Pointing Out the Wrong Bottleneck
It is easy to assume that a simple memory upgrade can resolve the problem when all you are presented with are errors related to memory. Most people who encounter descriptive errors assume that the only step that remains is to address the issue. The log says you're running out of memory? Add more! Simple, right? Wrong. Most of the time, these fast and simple solutions leave us frustrated when after a few days or so, we realize that it does not work and the issue remains. What's worse is that the computer still tells you the same error over and over again.
Maybe this is all a misunderstanding. Computers don't lie, they tell you every information they got but they are not native English speakers or even "human" speakers. All you have to do is know how to translate and use that information and make a proper analysis to decode what the computer means when it says this or that. When faced with another seemingly descriptive error such as an OutOfMemoryError, think deeper. Is it really an out of memory error? What caused this error? Is it safe to assume that the server simply couldn't handle the amount of transactions? Or are there other underlying issues that prevent the server from performing as well as they are supposed to?
This article will focus specifically on IBM Maximo but the same analysis can be done on other applications as well. Let's begin with our sources of data before we proceed to analysis.
The Message Tracking application is useful in checking when a message was received, processed, or encountered an error. The message ID, queue name, status, and interface name are all very important details that identify a specific transaction. If you want to know how long it took before a transaction was processed, you can simply subtract the received date from the processed date found in the message tracking history table. The result produced by this method is just a close estimate since milliseconds are usually not displayed or captured by the database.
The transaction's status. For this article, we'll only mention the RECEIVED and PROCESSED status.
The date and time when the transaction was received or processed.
The transaction's unique identifier.
However, this method works only in the perfect world where every transaction that lands in the queue are picked-up and processed immediately; otherwise, the amount of time when the message waited in the queue is added to your computation. The response time you've just computed becomes even more inaccurate as the application experiences down times or delays caused by the external systems you are interfacing with or any other cause.
System Log Files
The System log files are very useful as well. It provides information not usually found in the front-end or recorded in the database tables. Almost all activities within the application including what happens behind the scenes can be found here. The time when a cron task ran, picked-up the messages from the queue, processed each message one at a time (sequential), and finished processing all the messages it picked-up are all written in the logs. The best thing about the logs is the time stamp that includes milliseconds. You can see in great detail when each transaction was sent to the endpoint and when the endpoint sent back an HTTP Response OK (processed) or some error (timeout or other errors).
A Challenge In Identifying the Root Cause
When a Maximo application is integrated with external systems and uses many interfaces that share the same queue, it can be difficult to identify the root cause of delayed transactions processing. In some setups, there's only one inbound queue and one outbound queue shared by multiple interfaces.

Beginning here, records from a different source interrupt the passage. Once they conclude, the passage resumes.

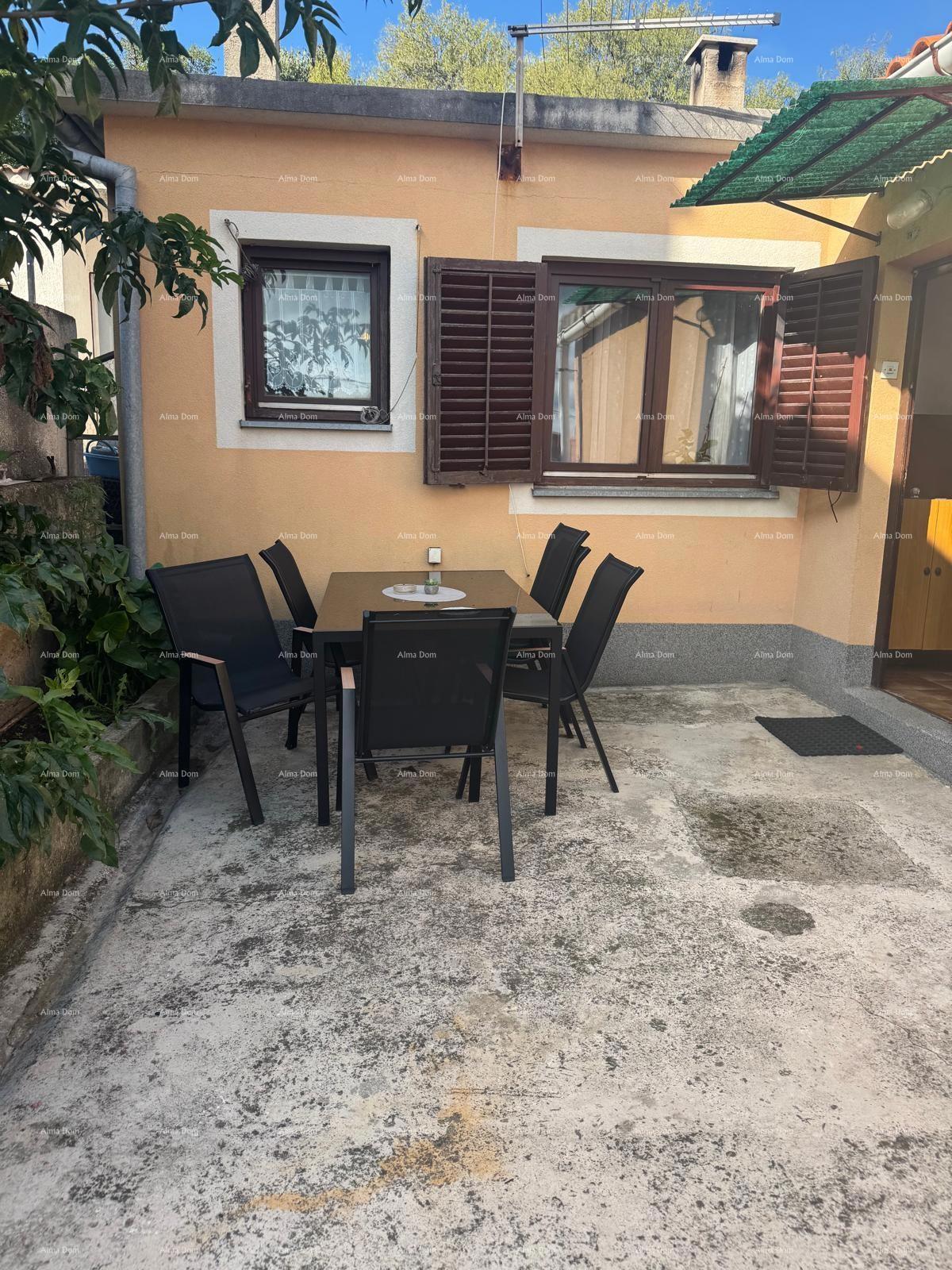 Vendita di una casa in zona centrale con edificio accessorio, Pola!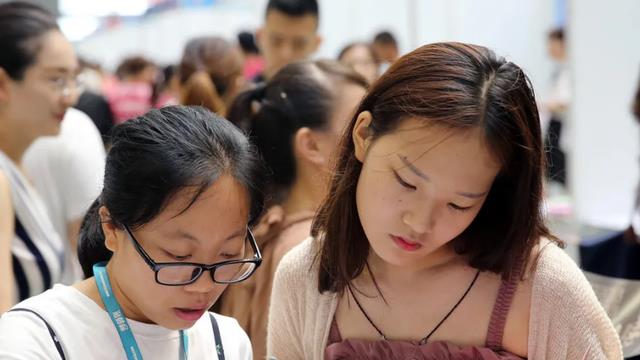 事业单位|事业单位招聘条件调整，要求比以前大有不同，应届生：天降好事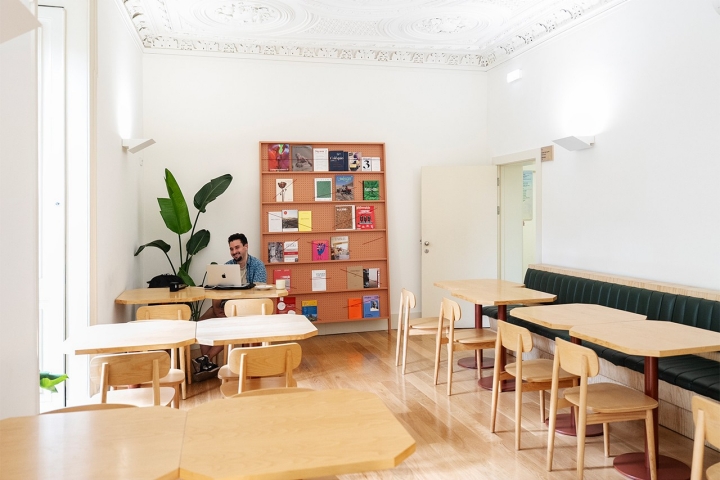 A sala da cafetaria é luminosa e permite estar a trabalhar 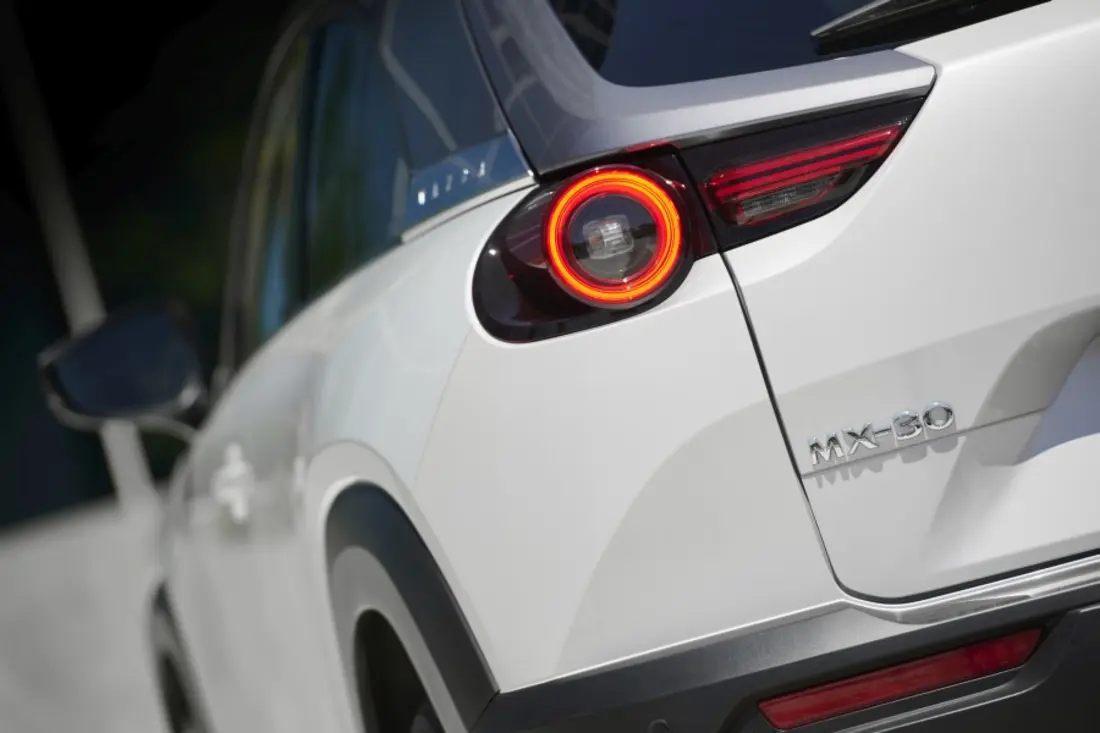 mazda-mx-30 (40) mazda-mx-30 (40)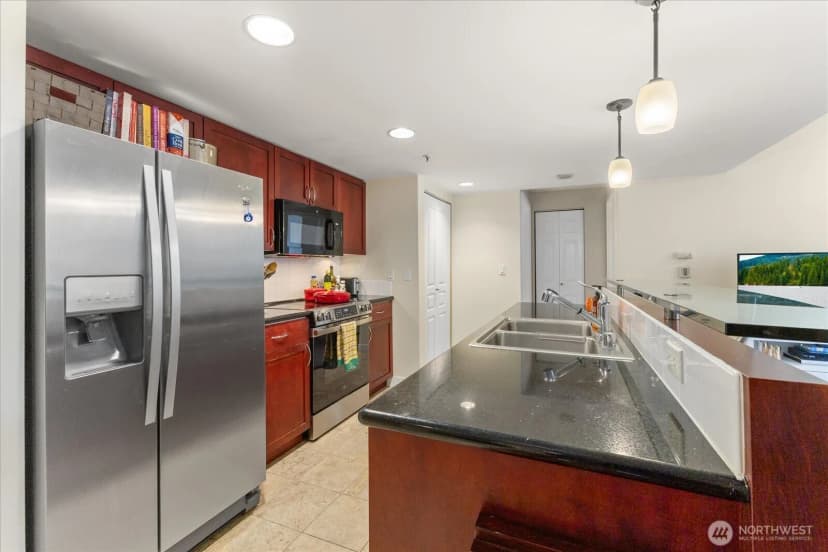 Property photo for 2929 1st Avenue #412, Seattle photo 13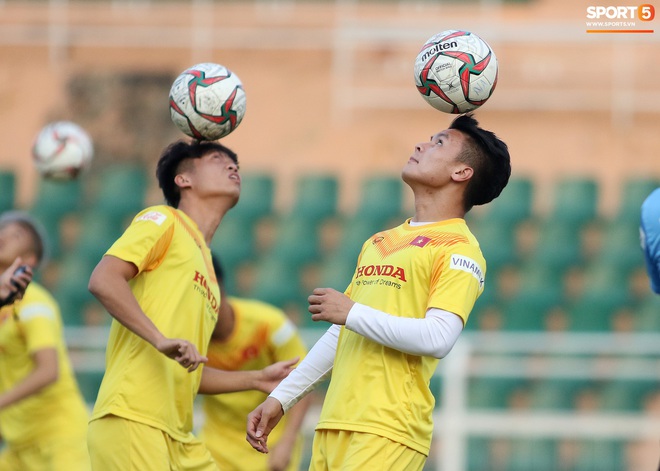 Cầu thủ U23 Việt Nam nhăn mặt tập kỹ thuật, ri&ecirc;ng Quang Hải game l&agrave; dễ, khỏi nh&igrave;n cũng t&acirc;ng được b&oacute;ng - Ảnh 1.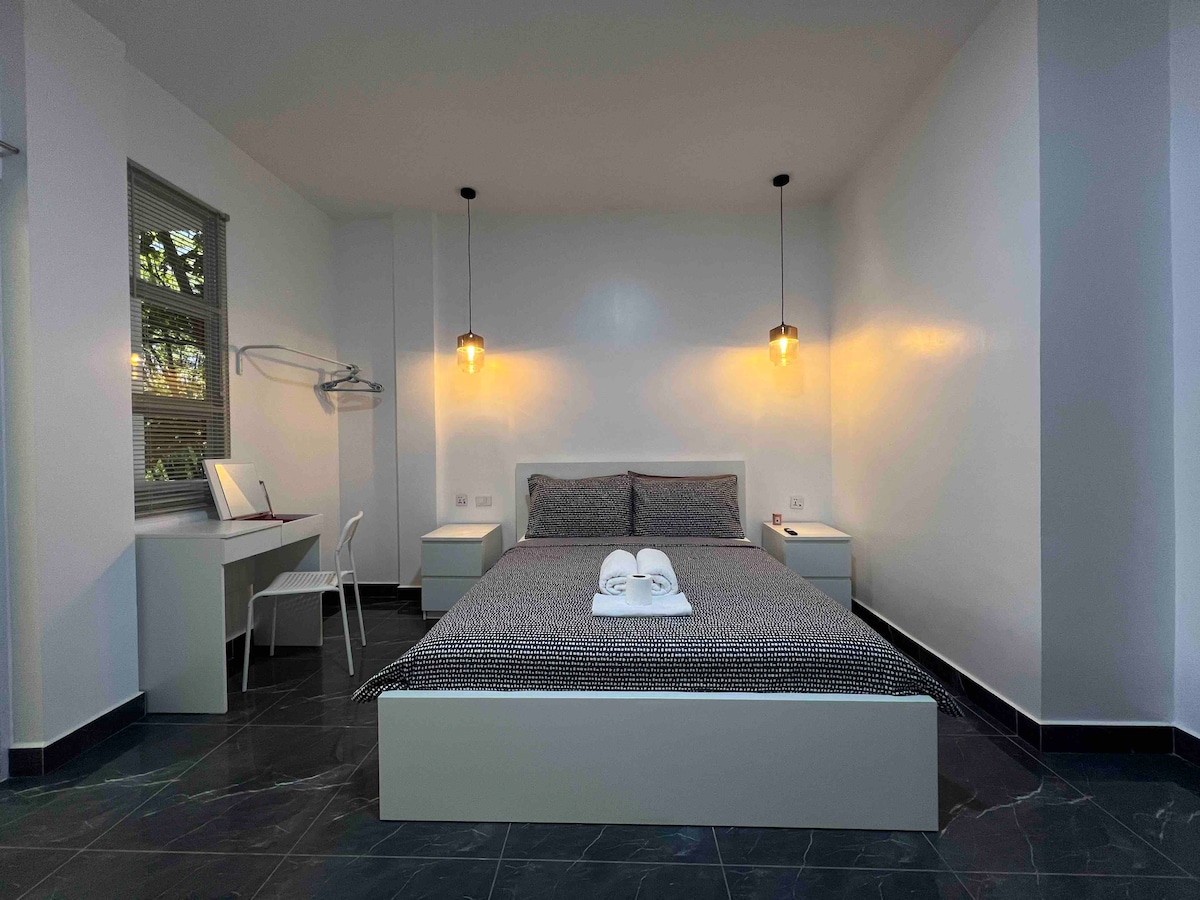 Baydreams Inn - Premium Deluxe room with Balcony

On a very specific scenario, when a problem occurs in one of the outbound interfaces that slows down the processing of that interface's transactions, given the design of Maximo to process messages sequentially, the problematic interface's issue could affect the rest of the interfaces' transactions that are processed through the same outbound queue. This could cause hundreds or even thousands of messages piled up in the queue for hours. When this happens, the Maximo application becomes a primary suspect especially if the external systems can pick-up multiple transactions at the same time while Maximo can only pick-up another transaction for processing after the last one has finished.
You may result into packet-sniffing or tcpdump to see when the message was sent to the external system, when it was acknowledged by the external system, and when the external system sent an HTTP Response OK to complete the processing but this is usually not allowed by companies because it's a security breach.
So how can you prove whether the Maximo application itself is causing the bottleneck or not in a legal manner? How can you gather and present evidences using only the data and tools that you are allowed access to?
In order to make a convincing analysis, you must first embrace the existing biases that people already hold and keep that as a priority in your "disproving" list. In this case, that bias is the fact that the pick-up of every transaction in the queue is sequential. This makes people assume that Maximo is causing the delay. Be sure to keep your own biases in check. If you're the owner of the Maximo application, you will most likely blame the external systems that you are interfacing with. Now that you are aware of you and other people's biases, you can take a look at the gathered data fairly.
This analysis requires only the tools listed below. Both can be downloaded from the Internet for free. Aside from these tools, you also need the credentials to login to the server and to connect to the database.
- A terminal to access the server and system logs (e.g. MobaXterm, PuTTY, etc.)
- Any database administration query tool to run SQL scripts (e.g. Oracle SQL Developer, etc.)
Final and Filtered Results
The image above shows the final result of a query used to gather data on how delays have accumulated. The query joins information from the message tracking table and an imported log file. The transaction ID (TRANS), message ID (MEAMSGID), and interface name (IFACENAME) in the screenshot are covered to protect the company's data.
The result will be explained in detail later. First, let's briefly describe each column seen in the final result using the table below:
The row number of the transaction in the result of the query
The unique identifier inside the message body (e.g. work order number, asset number, etc.)
The unique identifier of the message/transaction itself regardless of the data inside its body
The name of the interface (used to segregate different services and types of transactions)
Classifies a transaction whether it is inbound (Sync) or outbound (Publish)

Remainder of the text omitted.